====== RECORDS PROVIDED
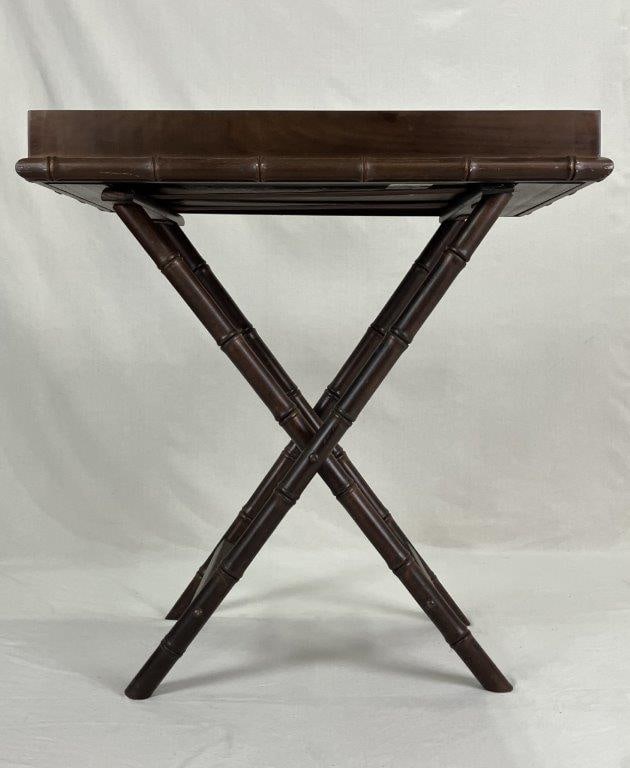 Mid Century Modern Faux Bamboo Tray Table - 5
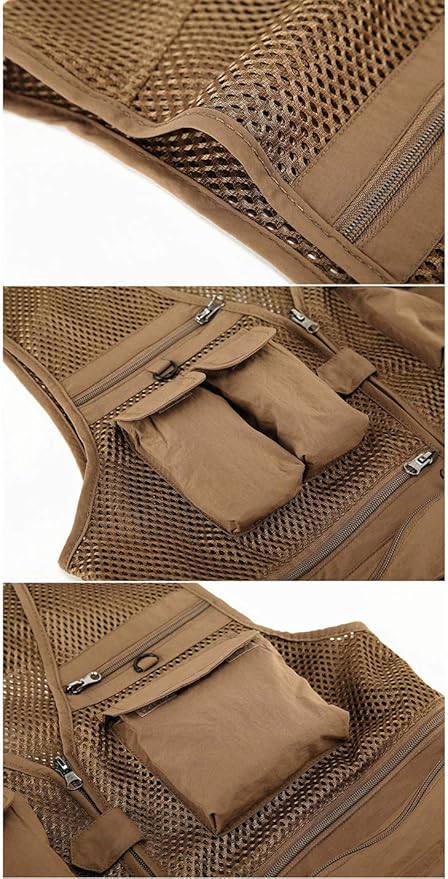 Lentta Men's Fishing Vest Summer Outdoor Lightweight Work Photo Vest 16 Pockets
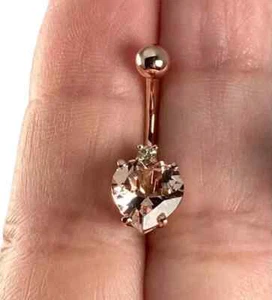 1 Ct Heart Simulated Morganite Women's Belly Button Ring In 14K Rose Gold Plated - Picture 1 of 6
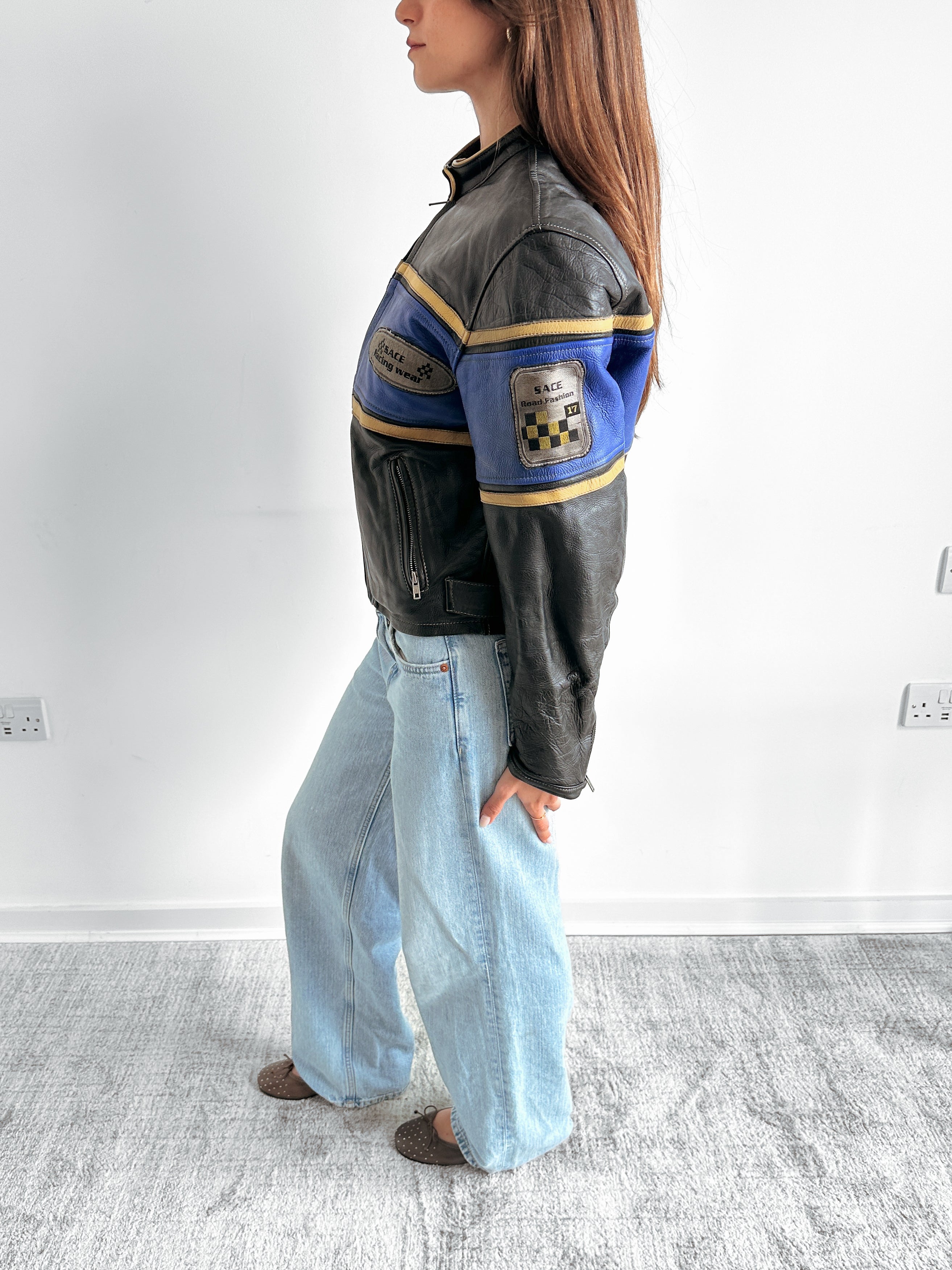 leather moto jacket / size xs-s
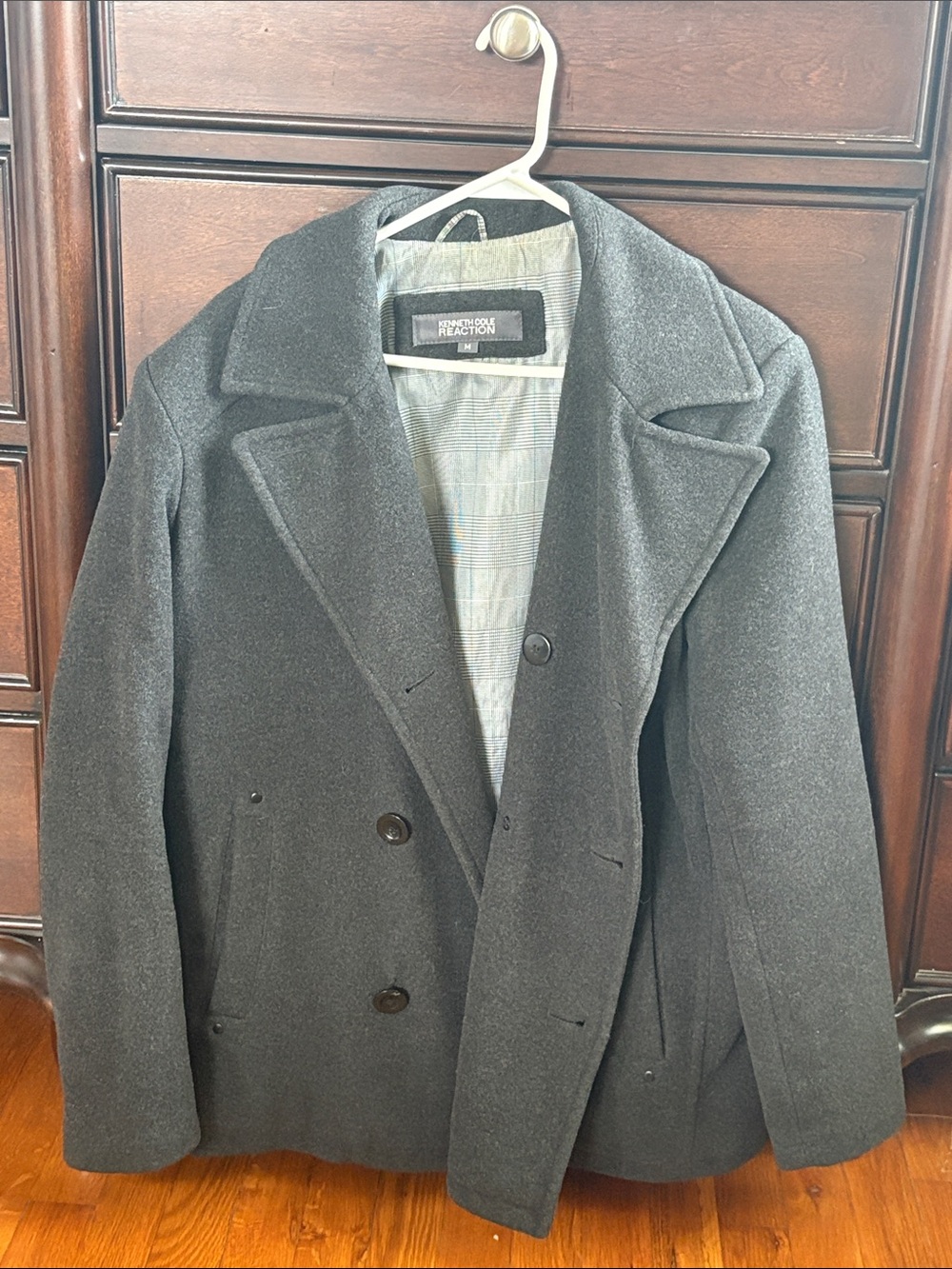 Kenneth Cole Reaction Charcoal Double-Breasted Wool Peacoat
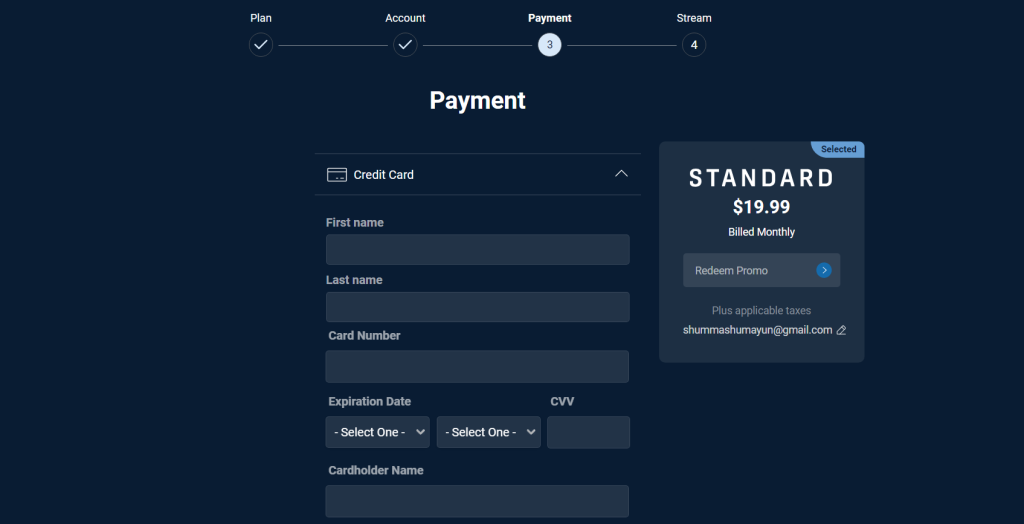 Input payment details in the "Payment" page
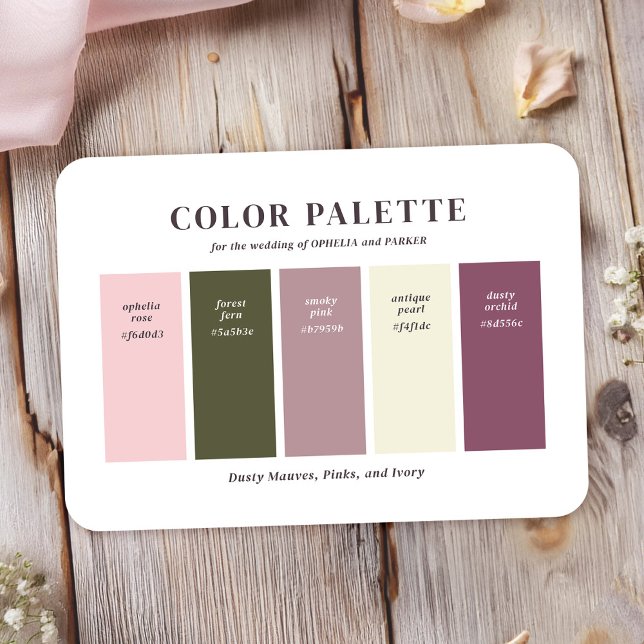 Dusty Rosa Mauve Ivory Bröllop Färg palette Card Tilläggskort (Say "I DO" to a wedding color palette that is romantic, elegant, and vintage inspired.
)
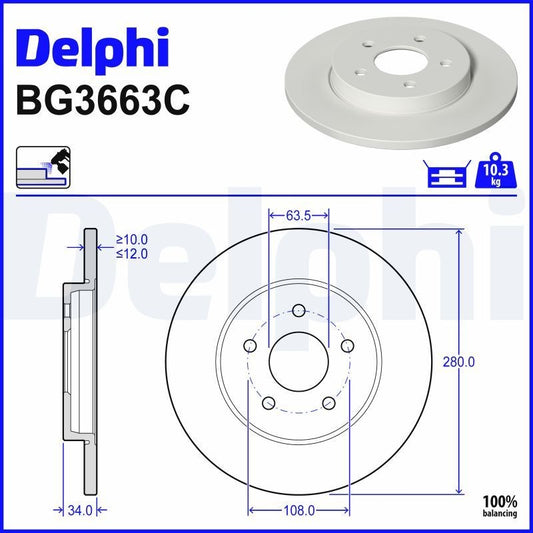 Delphi BG3663C Fren Diski Ön 2 Adet
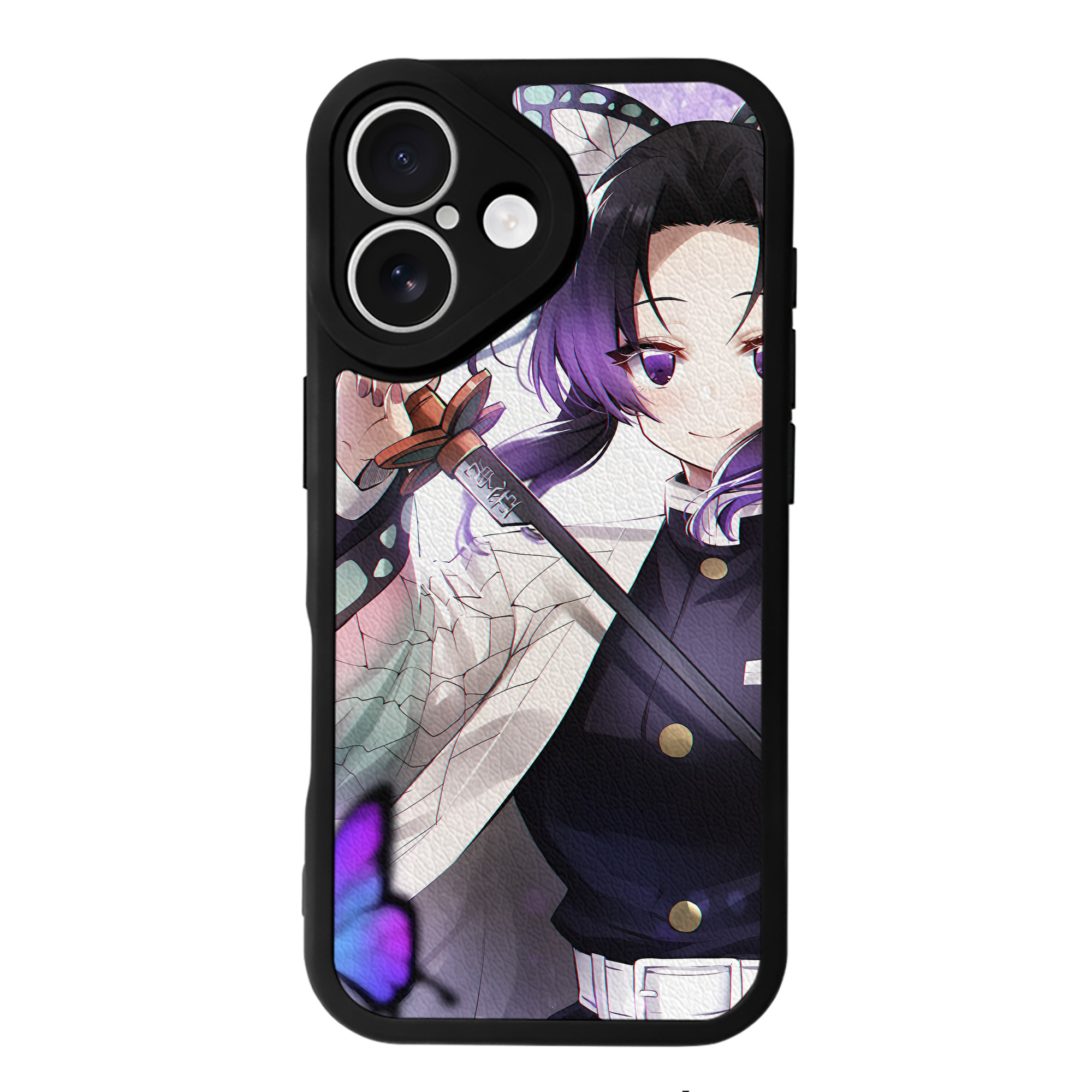 （画像用） 鬼滅の刃（きめつのやいば）蟲柱-胡蝶 しのぶ／こちょう しのぶ Kochou Shinobu 【iPhone 16シリーズ対応】シリコンスマホケース（レザー調） 材質：シリコン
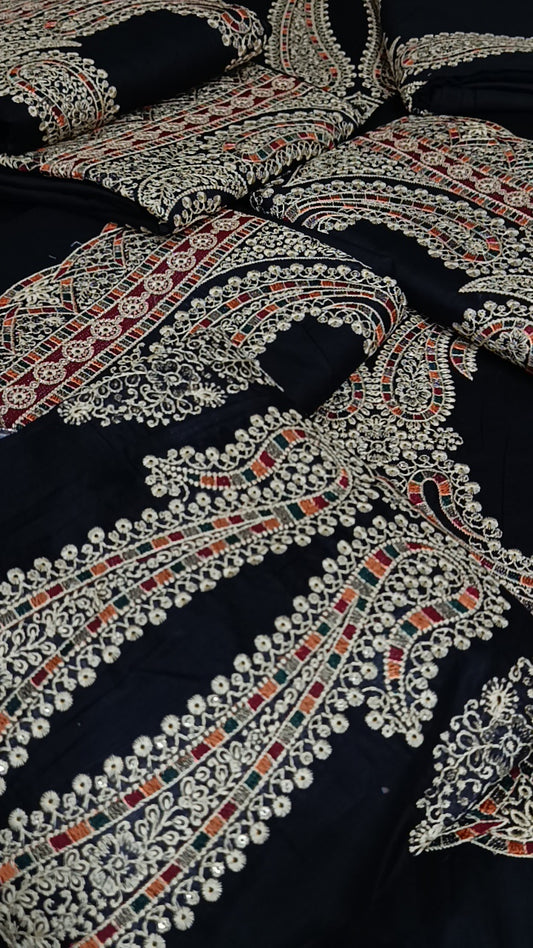 3pc shahkot black cotton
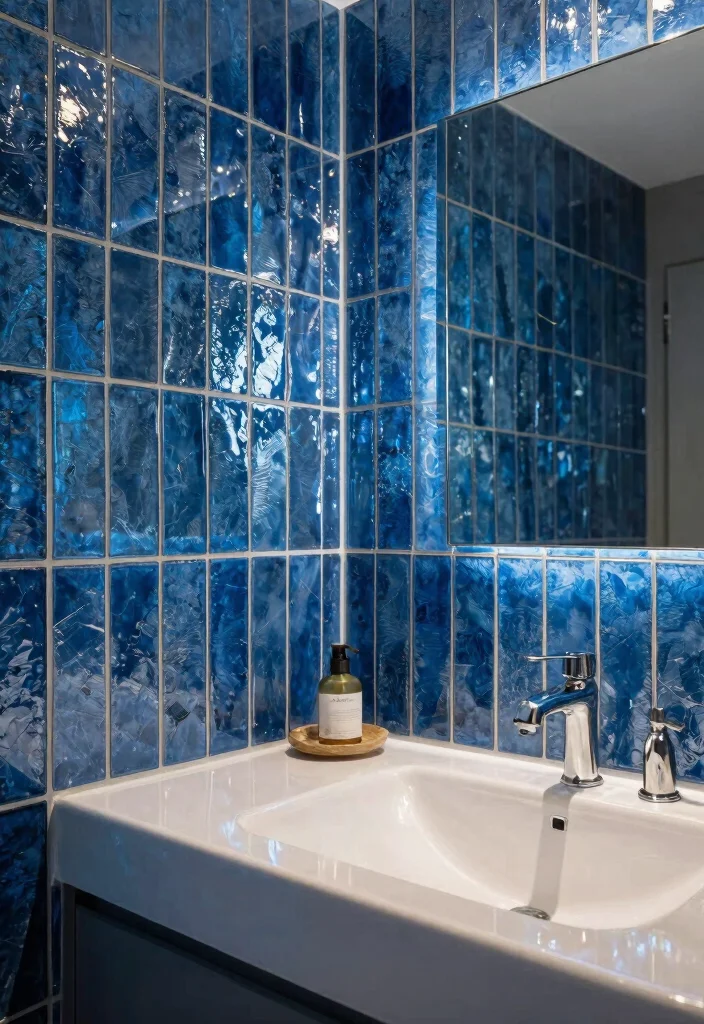 12 Blue Tile Bathroom Ideas for a Cool Timeless Look 9. Shimmering Blue Glass Tiles 0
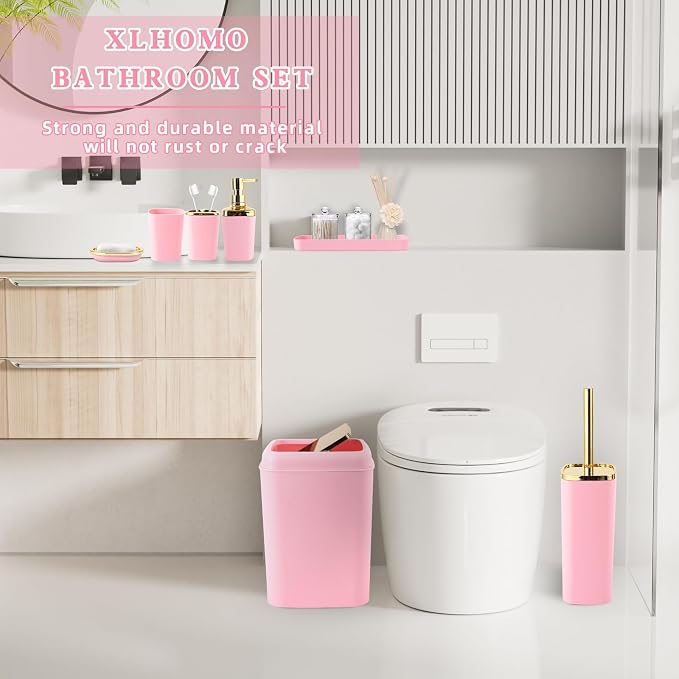 XLHOMO Bathroom Set, 9PC Bathroom Accessory Set, Pink Bathroom Accessories, Pink Bathroom Set, Trash Can, Soap Dispenser for Home Decor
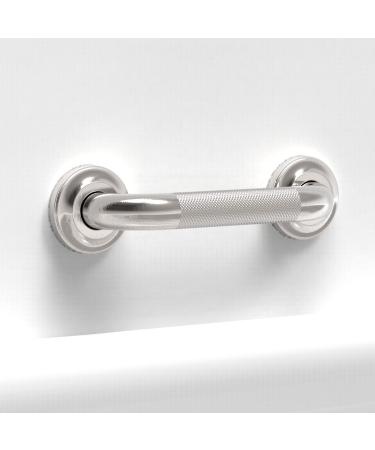 AquaChase 1-1/4" Knurled Grab Bar, ADA Compliant Bath Safety Shower Handrail, Bathroom Mobility Aid Handle for Seniors and Disabled, Heavy Duty 500lbs Support 9in Brushed Nickel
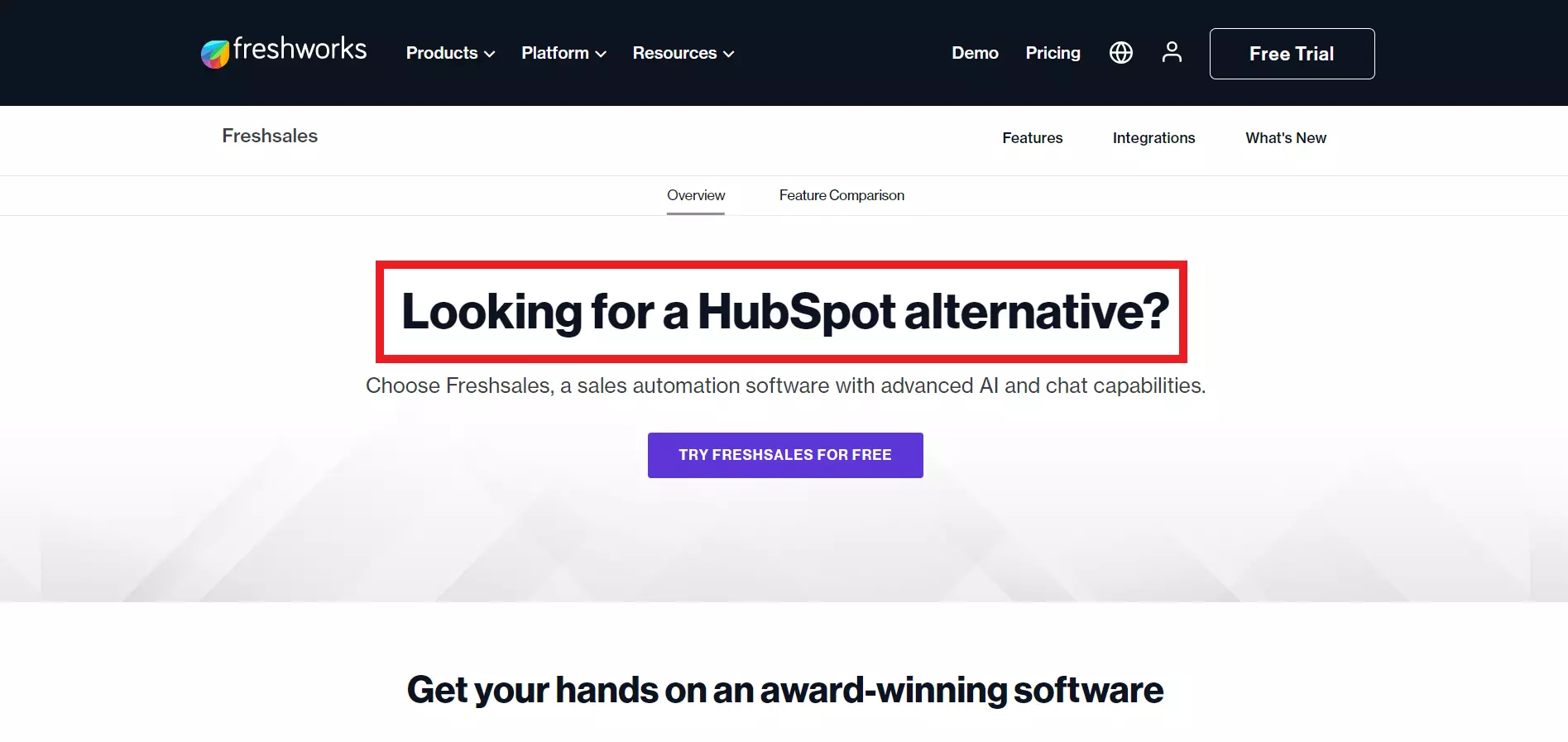 Landing page dynamiczny Freshworks dla słowa kluczowego HubSpot alternative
============
> [ASSIGNED TASK]:
Lines from the one containing "12 Blue Tile" through the end of the material above must be reproduced exactly; pictures must not be.

> [WRITTEN ANSWER]:
 12 Blue Tile Bathroom Ideas for a Cool Timeless Look 9. Shimmering Blue Glass Tiles 0
 XLHOMO Bathroom Set, 9PC Bathroom Accessory Set, Pink Bathroom Accessories, Pink Bathroom Set, Trash Can, Soap Dispenser for Home Decor
 AquaChase 1-1/4" Knurled Grab Bar, ADA Compliant Bath Safety Shower Handrail, Bathroom Mobility Aid Handle for Seniors and Disabled, Heavy Duty 500lbs Support 9in Brushed Nickel
 Landing page dynamiczny Freshworks dla słowa kluczowego HubSpot alternative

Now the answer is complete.